ТОП просматриваемых книг сайта:
Sampling and Estimation from Finite Populations. Yves Tille
Читать онлайн.Название Sampling and Estimation from Finite Populations
Год выпуска 0
isbn 9781119071273
Автор произведения Yves Tille
Жанр Математика
Издательство John Wiley & Sons Limited
1.6 The Statistical Theory of Survey Sampling
The establishment of a new scientific consensus in 1925 and the identification of major lines of research in the following years led to a very rapid development of survey theory. During the Second World War, research continued in the United States. Important contributions are due to Deming & Stephan (1940), Stephan (1942, 1945, 1948) and Deming (1948, 1950, 1960), especially on the question of adjusting statistical tables to census data. Cornfield (1944) proposed using indicator variables for the presence of units in the sample. Cochran (1939, 1942, 1946, 1961) and Hansen & Hurwitz (1943, 1949) showed the interest of unequal probability sampling with replacement. Madow (1949) proposed unequal probability systematic sampling (see also Hansen et al., 1953a,b). This is quickly established that an unequal probability sampling with fixed size without replacement is a complex problem. Narain (1951), Horvitz & Thompson (1952), Sen (1953), and Yates & Grundy (1953) presented several methods with unequal probabilities in two articles that are certainly among the most cited in this field. Devoted to the examination of several designs with unequal probabilities, these texts are mentioned for the general estimator (expansion estimator) of the total, which is also proposed and discussed. The expansion estimator is, in fact, an unbiased general estimator applicable to any sampling design without replacement. However, the proposed estimator of variance has a default. Yates & Grundy (1953) showed that the variance estimator proposed by Horvitz and Thompson can be negative. They proposed a valid variant when the sample is of fixed sample size and gives sufficient conditions for it to be positive. As early as the 1950s, the problem of sampling with unequal probabilities attracted considerable interest, which was reflected in the publication of more than 200 articles. Before turning to rank statistics, Hájek (1981) discussed the problem in detail. A book of synthesis by Brewer & Hanif (1983) was devoted entirely to this subject, which seems far from exhausted, as evidenced by regular publications.

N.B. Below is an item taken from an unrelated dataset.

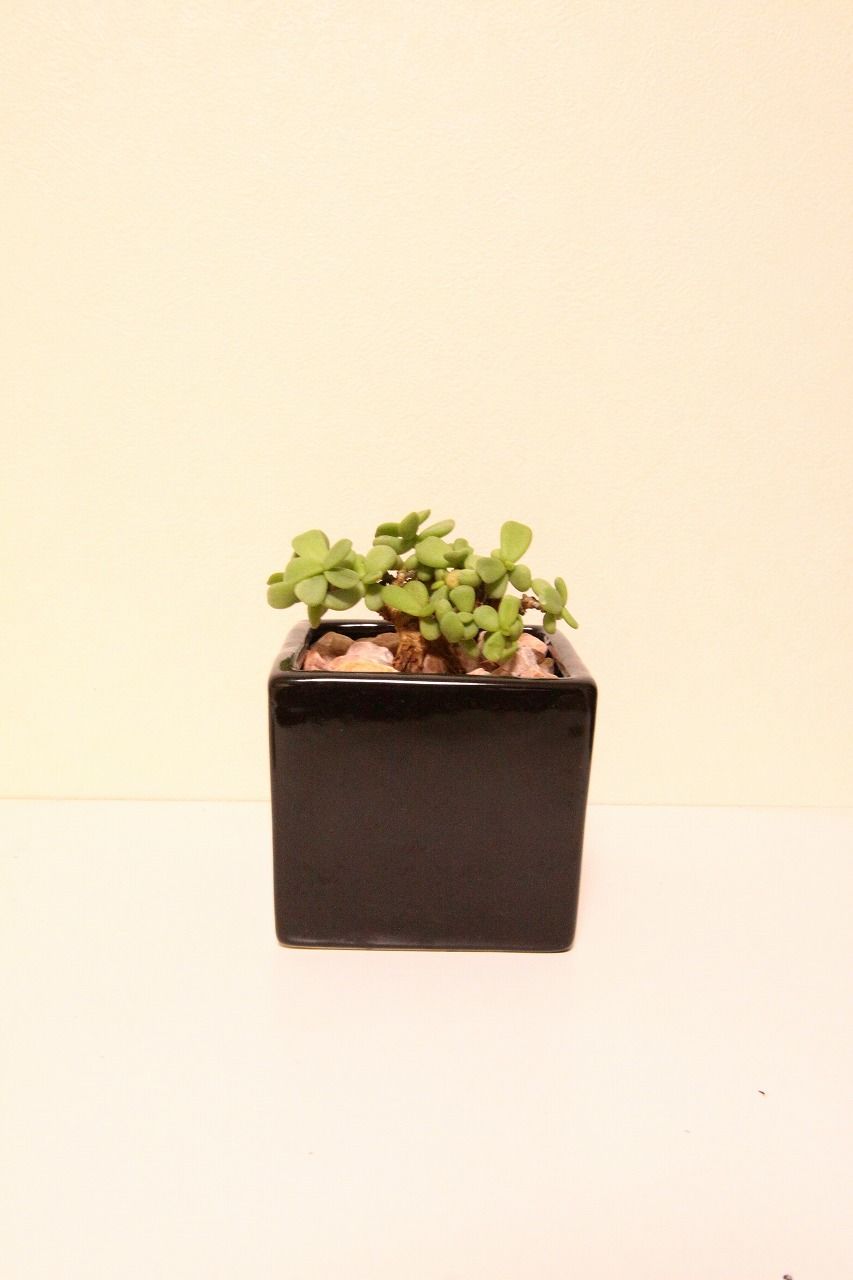 ケラリア ピグマエア ceraria pygmaea | mana's farm:塊根植物・ア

The theory of survey sampling, which makes abundant use of the calculation of probabilities, attracted the attention of university statisticians and very quickly they reviewed all aspects of this theory that have a mathematical interest. A coherent mathematical theory of survey sampling was constructed. The statisticians very quickly came up against a difficult problem: surveys with finite populations. The proposed model postulated the identifiability of the units. This component of the model makes irrelevant the application of the reduction by sufficiency and the maximum likelihood method. Godambe (1955) states that there is no optimal linear estimator. This result is one of the many pieces of evidence showing the impossibility of defining optimal estimation procedures for general sampling designs in finite populations. Next, Basu (1969) and Basu & Ghosh (1967) demonstrated that the reduction by sufficiency is limited to the suppression of the information concerning the multiplicity of the units and therefore of the nonoperationality of this method. Several approaches were examined, including one from the theory of the decision. New properties, such as hyperadmissibility (see Hanurav, 1968), are defined for estimators applicable in finite populations.

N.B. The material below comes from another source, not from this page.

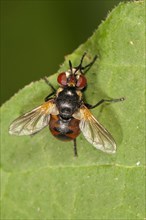 Parasitic Fly (Gymnosoma nudifrons) Untergroeningen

A purely theoretical school of survey sampling developed rapidly. This theory attracted the attention of researchers specializing in mathematical statistics, such as Debabrata Basu, who was interested in the specifics of the theory of survey sampling. However, many of the proposed results were theorems of the nonexistence of optimal solutions. Research on the question of the foundations of inference in survey theory was becoming so important that it was the subject of a symposium in Waterloo, Canada, in 1971. At this symposium, the intervention of Calyampudi Radhakrishna Rao (1971, p. 178), began with a very pessimistic statement:
I may mention that in statistical methodology, the existence of uniformly optimum procedures (such as UMV unbiased estimator, uniformly most powerful critical region for testing a hypothesis) is a rare exception rather than a rule. That is the reason why ad hoc criteria are introduced to restrict the class of procedures in which an optimum may be sought. It is not surprising that the same situation is obtained in sampling for a finite situation. However, it presents some further complications which do not seem to exist for sampling from infinite populations.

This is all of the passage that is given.